**Exercise**
Could you set down the listing below exactly and omit its images?

=== Section Start ===

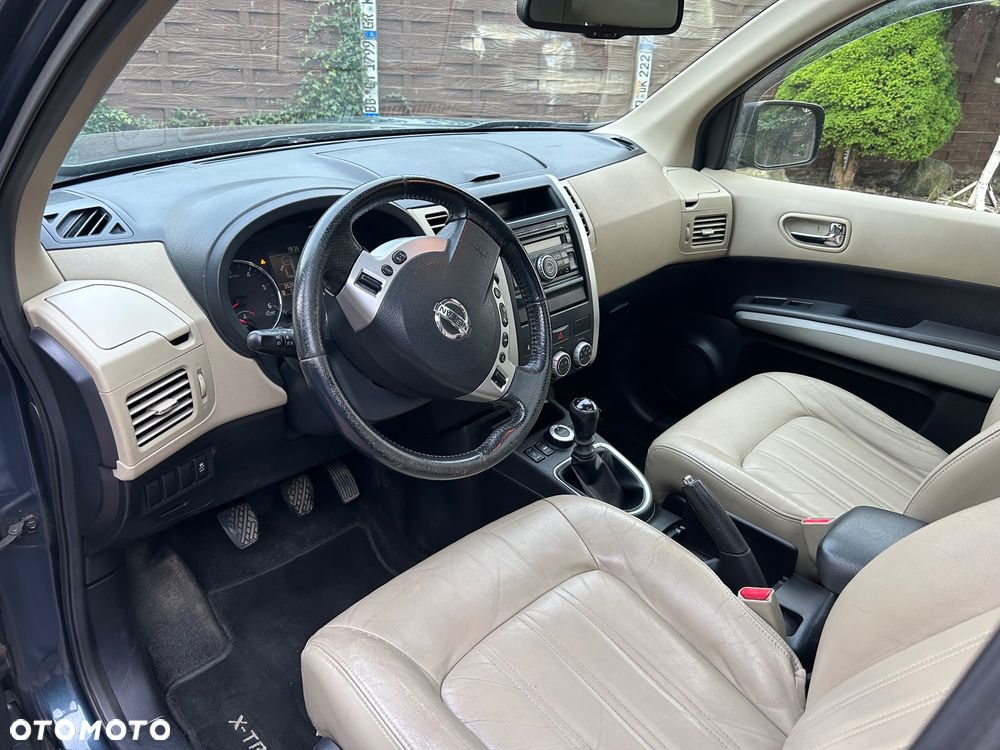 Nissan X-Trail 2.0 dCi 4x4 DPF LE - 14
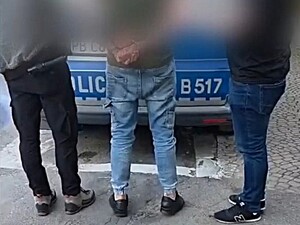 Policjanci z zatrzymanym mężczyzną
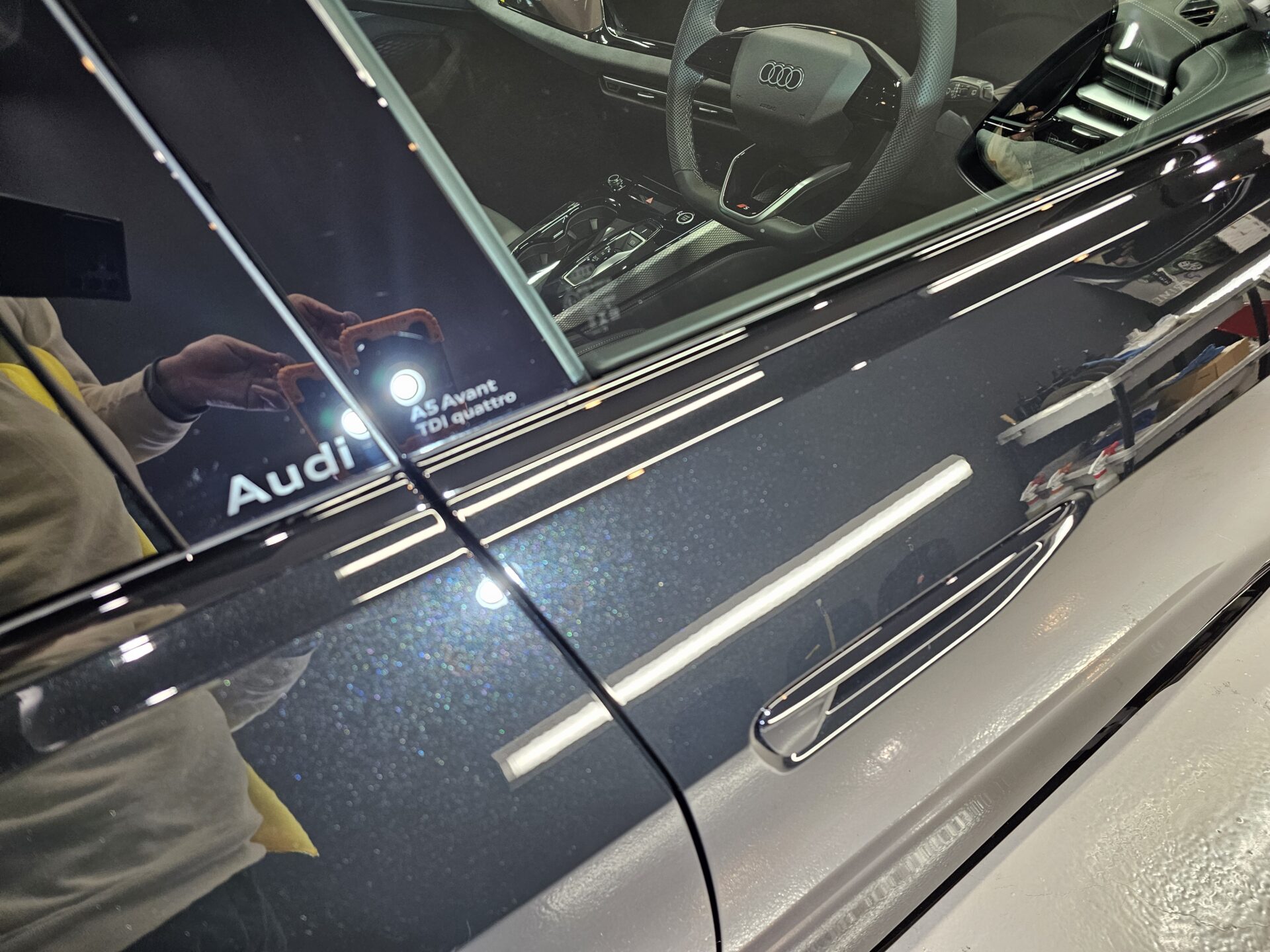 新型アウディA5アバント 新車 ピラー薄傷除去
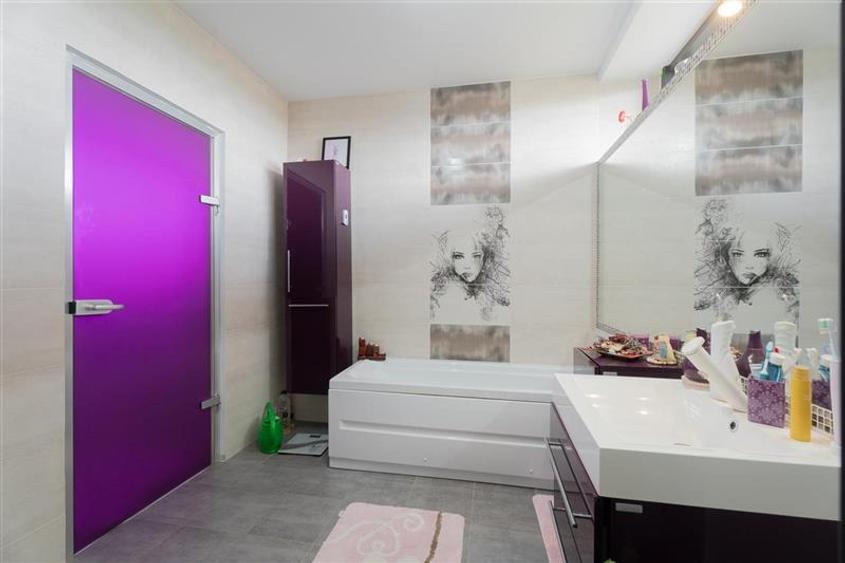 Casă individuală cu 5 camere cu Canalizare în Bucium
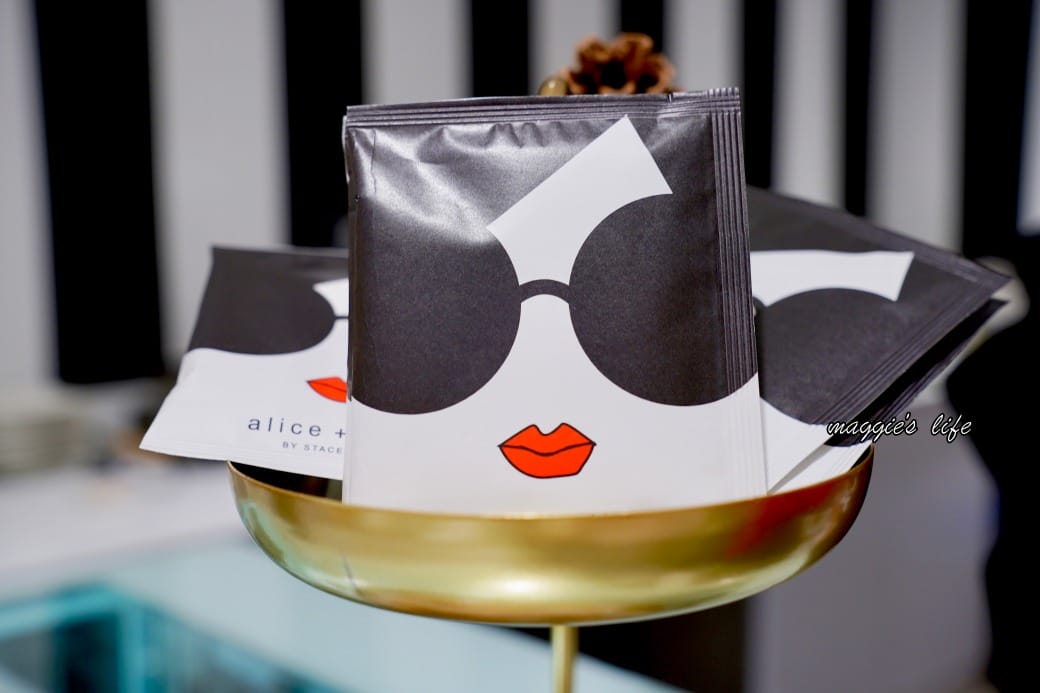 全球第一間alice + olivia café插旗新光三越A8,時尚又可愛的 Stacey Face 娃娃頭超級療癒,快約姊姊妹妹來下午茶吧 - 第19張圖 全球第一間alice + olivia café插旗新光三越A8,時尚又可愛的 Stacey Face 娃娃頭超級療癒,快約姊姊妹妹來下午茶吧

=== Section End ===

**Completed task**
 Nissan X-Trail 2.0 dCi 4x4 DPF LE - 14
 Policjanci z zatrzymanym mężczyzną
 新型アウディA5アバント 新車 ピラー薄傷除去
 Casă individuală cu 5 camere cu Canalizare în Bucium
 全球第一間alice + olivia café插旗新光三越A8,時尚又可愛的 Stacey Face 娃娃頭超級療癒,快約姊姊妹妹來下午茶吧 - 第19張圖 全球第一間alice + olivia café插旗新光三越A8,時尚又可愛的 Stacey Face 娃娃頭超級療癒,快約姊姊妹妹來下午茶吧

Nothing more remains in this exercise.